Designing a city for other life forms.
Designing a city for other life forms. Olson Kundig Architects and Sarah Bergmann

The thing I better grasped when reading for the third time James Shapiro's difficult but stimulating little book Evolution: A View from the 21st Century is that life is profoundly intelligent. Meaning, intelligence is not only found in the heads of humans, but also in the roots and leaves of trees, and the movements of microorganisms, and even the inner workings or the most basic units of life. One can go as far as to say that the key feature of life is conscious action. Put another way: life always makes decisions. And not just life as a form, but also its processes. "Life requires cognition at all levels," writes Shapiro.

The biology of our times, which, according Shapiro, is being forced to abandon a mechanistic and gradualist concept of evolutionary development and innovation for an informatics one, is reviving and even making respectable a branch of philosophy that gets almost no respect from philosophers, panpsychism, the idea that everything in the universe thinks. And it's not so much that mind is everywhere and every thing (strong panpsychism) but that thinking, like transparency, or hardness is one of the possible properties of matter (this idea is clearly worded in Addy Pross' What is Life?: How Chemistry Becomes Biology). Matter does not think, in the way matter does not see; but it can conduct thinking or transmit sun rays for the purposes of life.

Shapiro does not use the term panpsychism, but he does describe processes such as proofreading for DNA replication as thoughtful. These systems are very aware of what they are doing, and it could not be otherwise. But the reason why there is resistance to the obvious and tested facts of life's profound intelligence is because it risks confusing science with the ideas of those who want to bring the supernatural into the natural by way of intelligent design (ID). But there is a very important distinction between recognizing the intelligence of life and speculating on an intelligence that has designed life. The first operates in life (immanent); the second operates in a place that's not only outside of life but nature as we understand it (transcendental). If there is an intelligent designer, then it must be some kind of living form, and therefore something in life, and sharing all of the characteristics of a living entity. Only life designs things. To have a design is to have a goal in life. What exists is goal-oriented: we must eat, must fuck, must make copies of ourselves.

To get a better sense of living design, one can turn to the work of Sarah Bergmann, the founder of Pollinator Pathway and 2012 Genius Award winner for Art. She has an understanding of design that locates it within and not outside of the processes of life. For her, the use of honeybees for pollination services to farms is a part of the way humans have designed "a major and new ecosystem" or, put another way, designed "a landscape absent of biodiversity," or, put another way, designed an environment that over-serves humans. The honeybees (which, by the way, are not native to North America—they were brought here by Europeans and, as Bergmann explains, were called by some Native Americans the "white man's fly") are built into this kind of design; they are "trucked to a location, brought in to pollinate, then removed again." The intelligence behind this activity is certainly human, which has captured the intelligence of honeybees, which serves another purpose. And what humans want out of the arrangement is food that has a use value that can be exchanged on the world-connected market for money, which is a form of social power, a power that satisfies a wide variety of human wants.

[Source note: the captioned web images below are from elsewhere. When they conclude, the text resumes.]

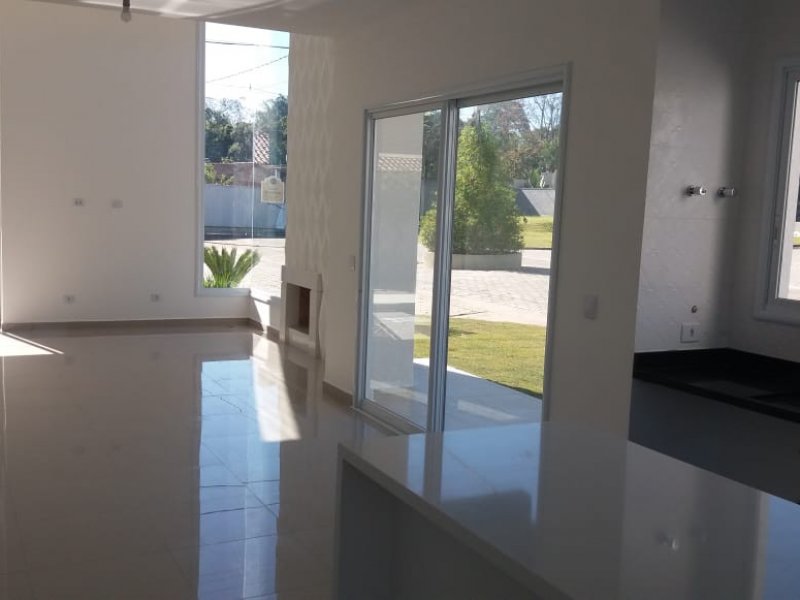 imóvel com 250m² - Botujuru - Mogi das Cruzes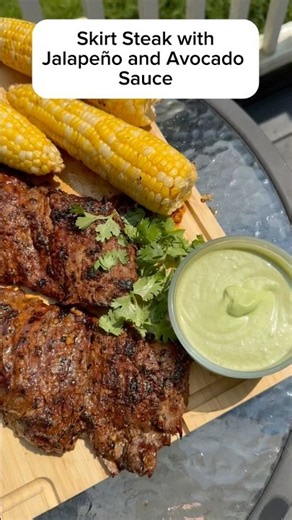 🥩 Grilled Skirt Steak with Jalapeño Avocado Crema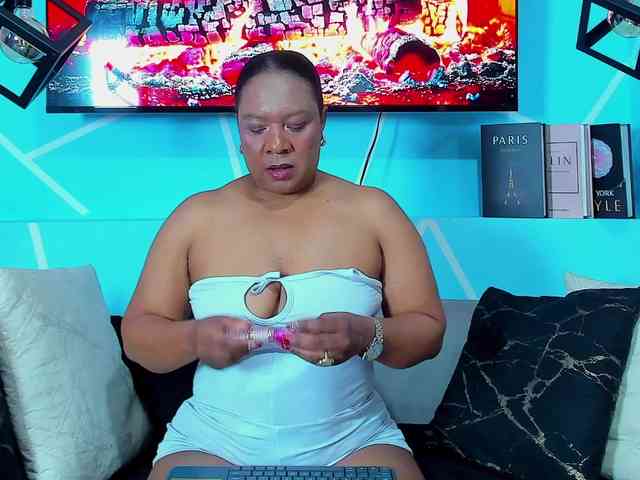 SharonNoa SharonNoa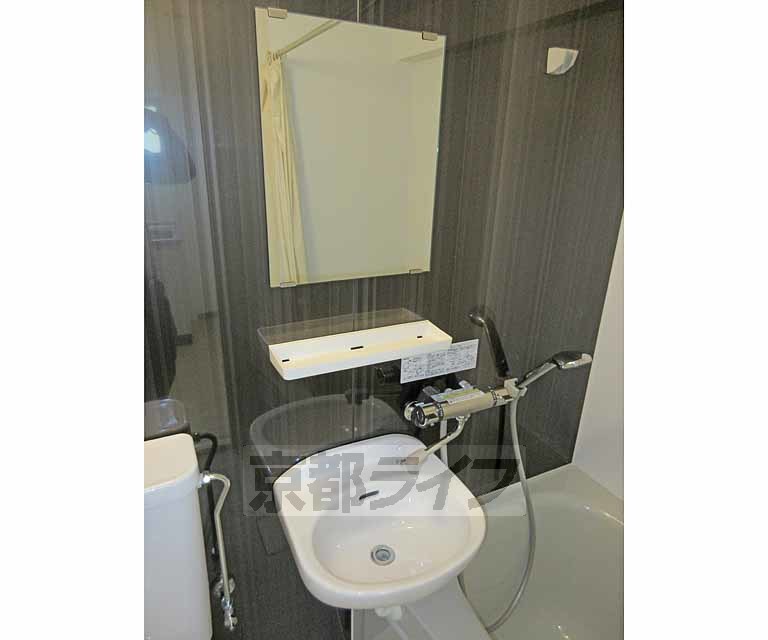 洗面設備　とってもキレイな洗面台です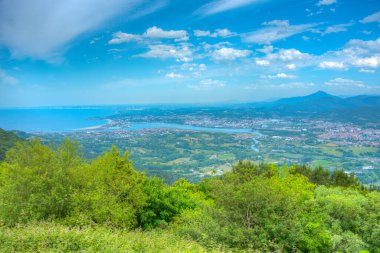 İspanya ile Fransa sınırındaki Irun ve Hendaye kasabalarının Panorama manzarası.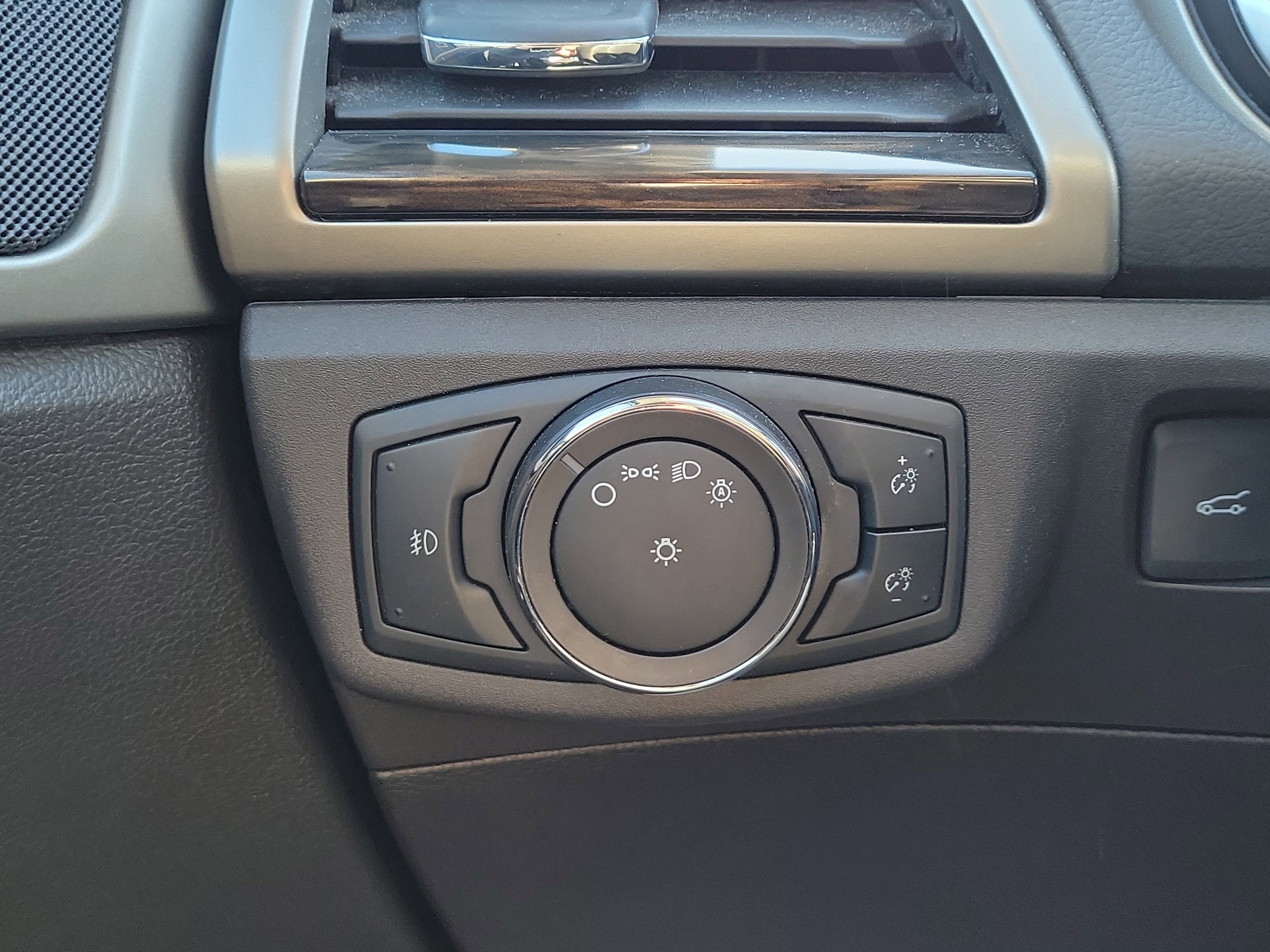 Used 2013 Ford Fusion SE image 21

The Pollinator Pathway presents a way to design pollinators to provide services not to just humans but to many other forms of life that also have needs. This makes sense because we now live in the Anthropocene, the age of humans. Our long-term survival depends on reintegrating human wants (and waste) with other life processes. Pollinator Pathway is designed to reverse what certain environmentally minded Marxists call metabolic rift.

Beavers also know a damn lot about intelligent design, and so do the trees they use.

But another way to think about this designer/designed business can be vividly (indeed fanatically) illustrated by an exchange that I heard not too long ago between a member of a local UFO organization and Peter Ward, the paleontologist who is famous for Medea hypothesis.

After Ward finished a lecture about life and the possibility that it might be rare in the universe, a pro-UFO person with bright red hair made a point that was scientific and then provided a conclusion for this point that was insane. Her scientific point: Because of tectonic plates, and its convection system, certain metals in the earth are made available to humans. A planet without tectonic plates (such as Mars), would lock up much of its mineral wealth in the ground. (This theory is actually discussed in Peter Ward's last and very good book A New History of Life: The radical new discoveries about the origins and evolution of life on Earth.) Now for her insane conclusion: We were placed on Earth by aliens to mine these much-needed metals, which are hard to find and access on other planets.

But even if this were true, if humans are here to be miners for some alien civilization, that would only mean we are like trees to the beaver or, more closely yet, those honeybees we use to pollinate our crops. We are in the design of, yes, an alien, but an alien that is, no matter how distant from Earth, in life; it is an alien that has needs (wants its belly full, wants to get laid, wants to live long), and is using us to satisfy them. Intelligent design could only be this and nothing else. When we speak of consciousness, we speak only of the living. And that is what separates science from the nonsense of ID.